Beginning with the first line, please repeat the entries exactly and end on the line that contains "DeckUp Soneva Engineered".

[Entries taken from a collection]
---
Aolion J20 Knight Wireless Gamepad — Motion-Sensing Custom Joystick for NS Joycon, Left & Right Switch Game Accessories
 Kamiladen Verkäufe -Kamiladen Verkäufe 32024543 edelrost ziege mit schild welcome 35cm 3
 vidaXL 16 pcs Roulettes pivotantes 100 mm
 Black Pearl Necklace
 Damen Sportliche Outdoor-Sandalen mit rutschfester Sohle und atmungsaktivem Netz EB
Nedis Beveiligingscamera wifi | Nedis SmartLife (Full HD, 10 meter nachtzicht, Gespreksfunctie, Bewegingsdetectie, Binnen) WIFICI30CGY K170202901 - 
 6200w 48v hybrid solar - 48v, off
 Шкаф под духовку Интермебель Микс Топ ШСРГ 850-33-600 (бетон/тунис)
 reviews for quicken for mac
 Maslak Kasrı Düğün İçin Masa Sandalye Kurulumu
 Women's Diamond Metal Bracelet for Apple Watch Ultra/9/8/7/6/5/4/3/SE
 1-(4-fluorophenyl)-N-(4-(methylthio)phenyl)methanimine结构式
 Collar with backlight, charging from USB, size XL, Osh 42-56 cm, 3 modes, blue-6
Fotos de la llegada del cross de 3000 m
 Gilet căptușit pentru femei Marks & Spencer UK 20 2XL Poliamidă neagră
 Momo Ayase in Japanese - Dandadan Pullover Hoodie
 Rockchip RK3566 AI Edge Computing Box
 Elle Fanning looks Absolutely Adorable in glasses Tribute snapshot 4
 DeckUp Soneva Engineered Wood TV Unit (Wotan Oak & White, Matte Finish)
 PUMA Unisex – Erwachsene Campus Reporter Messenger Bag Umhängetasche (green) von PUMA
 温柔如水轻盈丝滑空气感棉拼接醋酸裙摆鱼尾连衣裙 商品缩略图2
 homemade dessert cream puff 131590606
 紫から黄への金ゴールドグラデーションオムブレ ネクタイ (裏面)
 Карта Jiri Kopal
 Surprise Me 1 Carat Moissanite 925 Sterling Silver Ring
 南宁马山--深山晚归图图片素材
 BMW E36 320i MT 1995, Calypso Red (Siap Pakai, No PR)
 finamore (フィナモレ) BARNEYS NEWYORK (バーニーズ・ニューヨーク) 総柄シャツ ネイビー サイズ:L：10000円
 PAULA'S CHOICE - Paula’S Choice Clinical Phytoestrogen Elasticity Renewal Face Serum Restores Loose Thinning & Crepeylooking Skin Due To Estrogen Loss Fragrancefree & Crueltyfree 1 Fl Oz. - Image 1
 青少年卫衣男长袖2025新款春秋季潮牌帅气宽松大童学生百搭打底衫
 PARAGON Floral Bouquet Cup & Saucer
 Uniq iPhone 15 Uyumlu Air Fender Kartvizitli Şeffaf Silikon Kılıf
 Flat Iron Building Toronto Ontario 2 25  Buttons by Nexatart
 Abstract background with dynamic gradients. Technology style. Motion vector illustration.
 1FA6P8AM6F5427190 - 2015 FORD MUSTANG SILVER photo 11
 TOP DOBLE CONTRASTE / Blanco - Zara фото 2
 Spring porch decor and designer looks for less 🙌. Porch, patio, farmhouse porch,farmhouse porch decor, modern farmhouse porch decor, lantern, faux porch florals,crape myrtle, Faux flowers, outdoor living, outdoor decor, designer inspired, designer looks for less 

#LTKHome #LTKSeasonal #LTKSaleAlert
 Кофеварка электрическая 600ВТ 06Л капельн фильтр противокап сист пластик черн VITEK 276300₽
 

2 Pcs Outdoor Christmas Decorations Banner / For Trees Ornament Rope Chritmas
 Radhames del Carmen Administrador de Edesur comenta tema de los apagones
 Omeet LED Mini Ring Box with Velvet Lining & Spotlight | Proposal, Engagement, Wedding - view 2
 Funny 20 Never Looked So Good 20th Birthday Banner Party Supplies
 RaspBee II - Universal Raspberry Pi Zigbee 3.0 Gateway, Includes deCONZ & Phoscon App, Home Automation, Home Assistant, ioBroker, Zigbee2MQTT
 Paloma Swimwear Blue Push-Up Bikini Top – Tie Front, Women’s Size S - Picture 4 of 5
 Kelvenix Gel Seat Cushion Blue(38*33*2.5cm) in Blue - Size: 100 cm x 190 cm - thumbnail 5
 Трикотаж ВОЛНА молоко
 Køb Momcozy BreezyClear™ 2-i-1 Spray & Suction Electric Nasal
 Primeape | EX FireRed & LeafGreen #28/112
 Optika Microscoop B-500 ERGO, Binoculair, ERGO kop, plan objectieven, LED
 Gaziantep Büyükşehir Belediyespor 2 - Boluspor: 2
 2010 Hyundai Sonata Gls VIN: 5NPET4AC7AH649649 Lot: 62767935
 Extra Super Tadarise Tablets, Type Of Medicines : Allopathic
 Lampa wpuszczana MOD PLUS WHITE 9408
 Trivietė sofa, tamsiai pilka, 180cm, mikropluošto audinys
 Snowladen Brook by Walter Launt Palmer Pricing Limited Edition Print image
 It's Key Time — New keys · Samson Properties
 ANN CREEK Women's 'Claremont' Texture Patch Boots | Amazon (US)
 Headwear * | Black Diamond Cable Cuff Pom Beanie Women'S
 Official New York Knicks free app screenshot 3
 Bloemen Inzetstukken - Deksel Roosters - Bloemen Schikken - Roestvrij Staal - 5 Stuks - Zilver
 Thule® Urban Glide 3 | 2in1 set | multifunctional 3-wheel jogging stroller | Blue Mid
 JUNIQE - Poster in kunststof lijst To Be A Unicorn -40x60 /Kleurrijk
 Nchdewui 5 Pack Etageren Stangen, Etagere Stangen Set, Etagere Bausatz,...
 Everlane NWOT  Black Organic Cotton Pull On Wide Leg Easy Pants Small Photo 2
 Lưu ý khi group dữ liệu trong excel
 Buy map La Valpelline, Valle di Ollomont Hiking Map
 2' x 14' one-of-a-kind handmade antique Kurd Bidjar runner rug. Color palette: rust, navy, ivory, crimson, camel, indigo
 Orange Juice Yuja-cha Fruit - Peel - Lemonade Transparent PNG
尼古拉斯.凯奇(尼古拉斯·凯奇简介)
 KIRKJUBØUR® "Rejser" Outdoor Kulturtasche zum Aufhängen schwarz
---
> [Written reply]
Aolion J20 Knight Wireless Gamepad — Motion-Sensing Custom Joystick for NS Joycon, Left & Right Switch Game Accessories
 Kamiladen Verkäufe -Kamiladen Verkäufe 32024543 edelrost ziege mit schild welcome 35cm 3
 vidaXL 16 pcs Roulettes pivotantes 100 mm
 Black Pearl Necklace
 Damen Sportliche Outdoor-Sandalen mit rutschfester Sohle und atmungsaktivem Netz EB
Nedis Beveiligingscamera wifi | Nedis SmartLife (Full HD, 10 meter nachtzicht, Gespreksfunctie, Bewegingsdetectie, Binnen) WIFICI30CGY K170202901 - 
 6200w 48v hybrid solar - 48v, off
 Шкаф под духовку Интермебель Микс Топ ШСРГ 850-33-600 (бетон/тунис)
 reviews for quicken for mac
 Maslak Kasrı Düğün İçin Masa Sandalye Kurulumu
 Women's Diamond Metal Bracelet for Apple Watch Ultra/9/8/7/6/5/4/3/SE
 1-(4-fluorophenyl)-N-(4-(methylthio)phenyl)methanimine结构式
 Collar with backlight, charging from USB, size XL, Osh 42-56 cm, 3 modes, blue-6
Fotos de la llegada del cross de 3000 m
 Gilet căptușit pentru femei Marks & Spencer UK 20 2XL Poliamidă neagră
 Momo Ayase in Japanese - Dandadan Pullover Hoodie
 Rockchip RK3566 AI Edge Computing Box
 Elle Fanning looks Absolutely Adorable in glasses Tribute snapshot 4
 DeckUp Soneva Engineered Wood TV Unit (Wotan Oak & White, Matte Finish)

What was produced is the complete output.